At DevWorld Conference 2026, Checkmarx delivered one of the most sobering keynotes of the event: “Is Scanning with AI the Answer?” The short answer — no, not by itself. The longer answer is far more interesting.

The Hidden Story: AI Scanning and Noise
The talk opened with a provocative question: “Will AI-only scanning be our saviour? We need to talk about noise.”
The speaker referenced recent work on LLM-based zero-day hunting with Claude Code’s Opus 4.8 — AI models that can autonomously discover and exploit real vulnerabilities at scale. Impressive on paper. Terrifying in practice.

Discovery Got Easier. Exploitation Got Faster.
The central thesis was stark:
- Anthropic’s Claude Opus/Mythos can discover and exploit real vulnerabilities, autonomously, at scale
- Patch-to-exploit window has collapsed from weeks to minutes
- Cyber insurance, regulators, and boards are repricing accordingly
- The constraint is no longer discovery — it is remediation capacity
Gartner confirmed: “finding vulnerabilities is now cheap and fast… the bottleneck has shifted from discovery to remediation.”
Forrester was even more direct: “Patch Tuesday is dead.”
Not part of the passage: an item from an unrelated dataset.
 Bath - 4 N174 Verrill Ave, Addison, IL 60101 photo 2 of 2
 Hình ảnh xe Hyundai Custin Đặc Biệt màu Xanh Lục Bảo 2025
What AI Means for Application Security
The Checkmarx analysis was refreshingly balanced. AI scanning has clear benefits — and clear blind spots.
What AI enables:
- Discover and exploit real vulnerabilities autonomously at scale
- Patch-to-exploit window collapsed from weeks to minutes
- “Find now, fix eventually” is no longer an option
What AI does not fix:
- AI-generated code is still insecure
- LLMs miss old and new vulnerabilities
- Inconsistent results (AI is probabilistic)
- Scaling, cost, and performance issues
- Exposes zero-day vulnerabilities to attackers (maybe)

The Cost of Depth
The pricing table told a powerful story about the trade-off between scan depth and cost:
- Claude Haiku — $1/$5 per 1M tokens (1x cost) → Light scan
- Claude Sonnet 4.8 — $3/$15 (3x) → Standard scan
- Claude Opus 4.7 — $5/$25 (5x) → Deep analysis
- Claude Mythos — $25/$125 (25x) → Agent-level / autonomous
Going from light scan to autonomous agent-level analysis costs 25 times more. For enterprise codebases with millions of lines, that math gets expensive fast.
The Numbers Validate the Model
Checkmarx presented a six-stage funnel showing how their hybrid approach reduces noise from raw scan findings to actionable remediation:
- Raw Findings: 10,000 (all SAST, SCA, IaC scan results)
- AI Findings Analysis: 4,000 remaining → -60% reduction in false positives
- Attack Vector Grouping: 1,500 remaining → -85% reduction in duplicates
- Severity Focus: 800 remaining → -92% reduction in criticality
- AI Triage: 600 remaining → -94% reduction of irrelevant
- Autonomous Remediation: 500 remaining → -95% reduction in vulnerabilities
From 10,000 raw findings to 500 actionable items. That is the difference between drowning in alerts and actually fixing things.

The Hybrid Approach
The conclusion was clear: neither AI-only nor traditional scanning alone is sufficient.
AI-Only (Probabilistic):
- Fast contextual reasoning
- Natural language guidance
- Learns new coding patterns quickly
Traditional AppSec (Deterministic):
- Pattern matching and policy enforcement
- Strong governance
- Reliable detection of known vulnerabilities
The Hybrid (AI + Deterministic Security):
- Focus on what is exploitable
- Combine trusted detection with AI reasoning
- Prevent issues in the IDE pre-commit
- Prioritise risk with context and exploitability
- Visibility of AI components (AI-SBOM)

Three Questions to Take With You
The talk closed with three questions every security team should answer:
How can we remediate at scale and at machine speed? — Shift the conversation from vulnerability count to remediation throughput. If your programme reports on findings discovered, you are measuring the wrong thing.
Do we know what AI is in our codebase? — LLMs, agent frameworks, MCP servers, open-source models from Hugging Face — if you cannot answer this, you have a supply chain blind spot. That is your first gap to close.
Where does security feedback reach our developers? — If the answer is “after the PR,” you are already too late. The cost of fixing after code review is an order of magnitude higher than fixing in the IDE.

My Take
This was one of the most grounded AI security talks I have seen in 2026. No hype about AI replacing security teams. No fear-mongering about AI-powered attacks. Just a clear-eyed assessment: the patch-to-exploit window collapsed, remediation is the bottleneck, and the answer is combining deterministic and probabilistic approaches.
The AI-SBOM concept — knowing exactly what AI components live in your codebase — is going to become as important as software composition analysis was five years ago. If you are shipping agents, MCP servers, or LLM-powered features, you need visibility into that supply chain.
The OWASP Top 10 for LLM Applications covers many of the same risks from a different angle. Together they paint a complete picture of AI application security in 2026.